→ What the task requires
In the records below, find the line that contains "Wheat Slightly Green" and the line that contains "Crest Pro-Health Intense", then retype exactly those two lines and every line between them.

** Opening The records block **

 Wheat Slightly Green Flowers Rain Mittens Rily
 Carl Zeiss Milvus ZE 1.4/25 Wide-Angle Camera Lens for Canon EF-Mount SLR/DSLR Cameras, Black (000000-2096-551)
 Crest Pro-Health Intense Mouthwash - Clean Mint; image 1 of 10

** Closing The records block **
** Opening The records block **

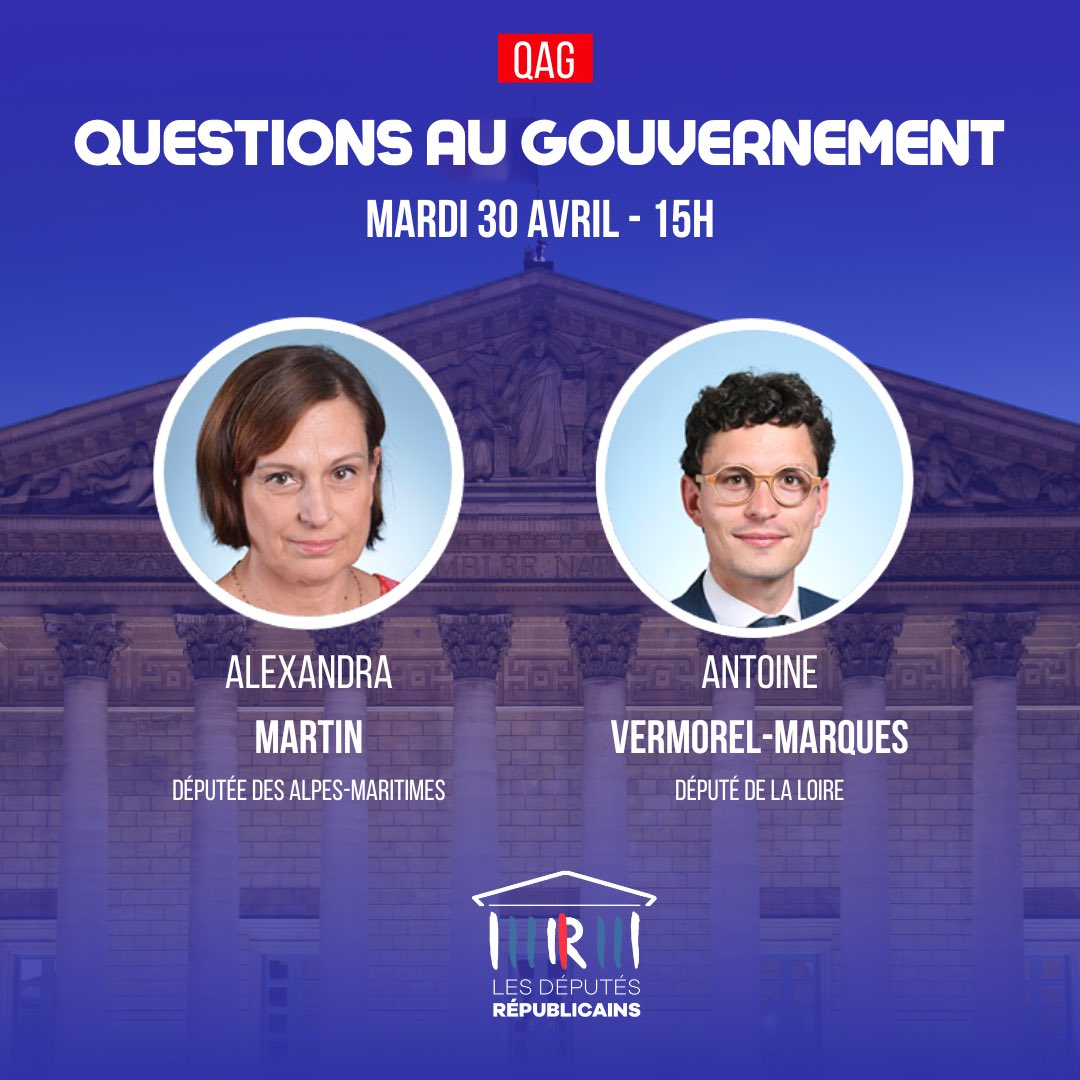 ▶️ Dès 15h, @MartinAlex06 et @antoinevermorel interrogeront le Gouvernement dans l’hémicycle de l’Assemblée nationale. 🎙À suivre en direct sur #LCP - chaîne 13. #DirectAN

** Closing The records block **

→ Answer section
 Wheat Slightly Green Flowers Rain Mittens Rily
 Carl Zeiss Milvus ZE 1.4/25 Wide-Angle Camera Lens for Canon EF-Mount SLR/DSLR Cameras, Black (000000-2096-551)
 Crest Pro-Health Intense Mouthwash - Clean Mint; image 1 of 10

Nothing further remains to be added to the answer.